Je leert schrijven door te schrijven. Zo simpel is het.
Een groot verhaal schrijven is echter een heel moeilijke, tijdrovende klus:
Ten eerste kan je nooit in een keer een groot verhaal schrijven die helemaal klopt. Veel boeken worden pas uitgegeven nadat ze 5 tot 10 keer overnieuw zijn geschreven. Niet alleen door afwijzing, maar door de talloze punten die de schrijver anders had willen doen. Schrijven is een proces van creëren en schrappen, en beide zijn even belangrijk.
"De eerste versie van een verhaal bestaat slechts om een tweede mogelijk te maken."
Ten tweede is schrijven een eenzaam vak. Je bent helemaal op jezelf aangewezen. Jij gelooft in je verhaal, en moet dat blijven doen. Hecht geen waarde aan een paar demotiverende meningen van anderen, maar wees wel kritisch tegenover je eigen werk. Het verhaal dat je wilt schrijven bestaat alleen in jou, en jij bent dus de enige die kan oordelen of je echt het verhaal schrijft die in je hoofd zit, en die naar buiten wilt komen door jou inspanning.

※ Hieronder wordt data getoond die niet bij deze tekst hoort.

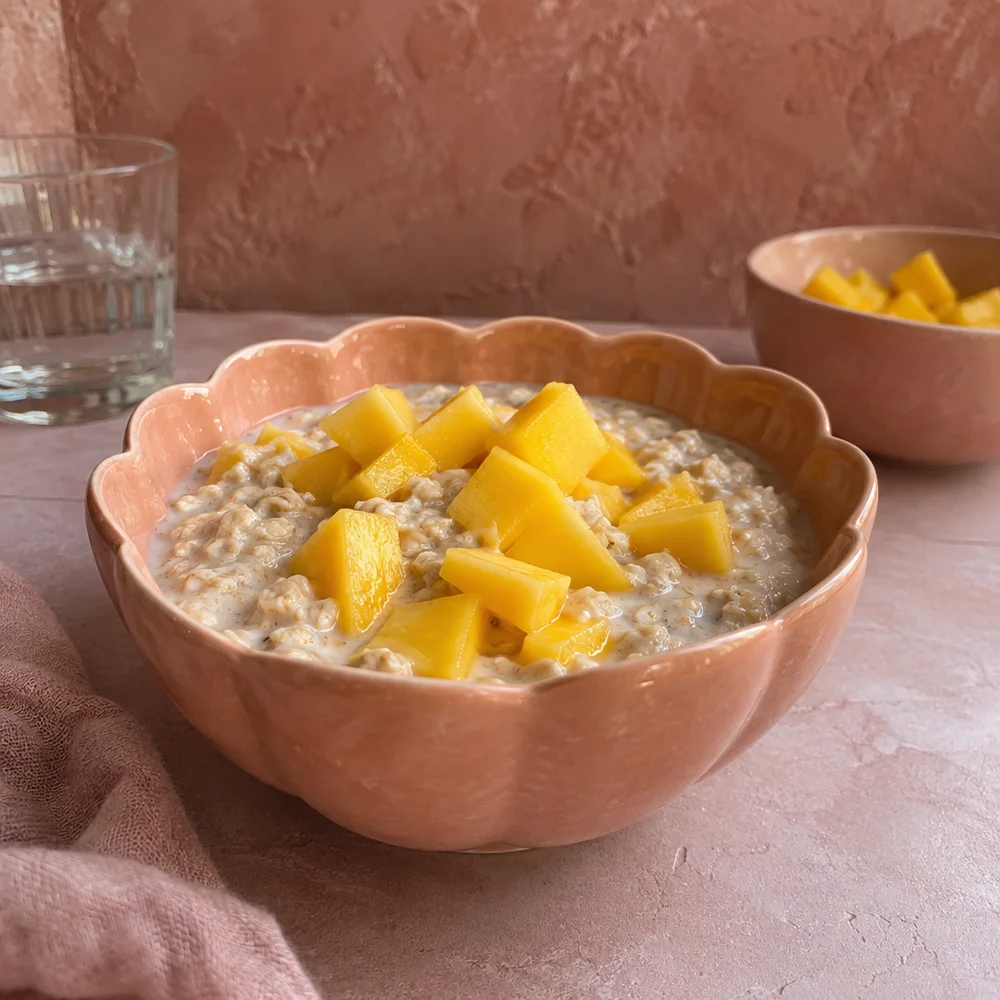 Protein coconut porridge with fresh mango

Jij maakt de regels, jij creëert de betekenis van je verhaal, niemand voelt wat jij voelt terwijl je schrijft. Dit laatste betekent echter dat de lezer niet altijd zal voelen wat jij voelt. Als bij jou de tranen over de wangen rollen bij het schrijven van een emotionele passage, zal de lezer misschien alleen maar met zijn ogen knipperen.
Geloof dus in de betekenis van je verhaal, maar houd er rekening mee dat de lezer het helemaal niet zo kan beleven. Wat voor jou herkenbaar is, hoeft voor iemand anders niet zo te zijn. Zorg dat je je verhaal van verschillende perspectieven durft te bekijken.

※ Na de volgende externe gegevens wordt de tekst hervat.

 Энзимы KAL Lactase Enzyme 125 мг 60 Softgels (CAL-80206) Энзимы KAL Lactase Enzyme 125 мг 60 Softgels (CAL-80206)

Ten derde raad ik je het boek "Het geheim van de schrijver" van Renate Dorrestein aan. Het zal je onder andere meer duidelijkheid geven over de waarde van je verhaal, en de relevantie van fictie. Houd echter een woordenboek paraat, want de woorden die ze soms gebruikt zijn echt onnodig ongebruikelijk.
Begin met een idee. Een begin, een conflict, een hoofdpersoon, en SCHRIJF.
Ik wens je alle geloof en inspiratie toe.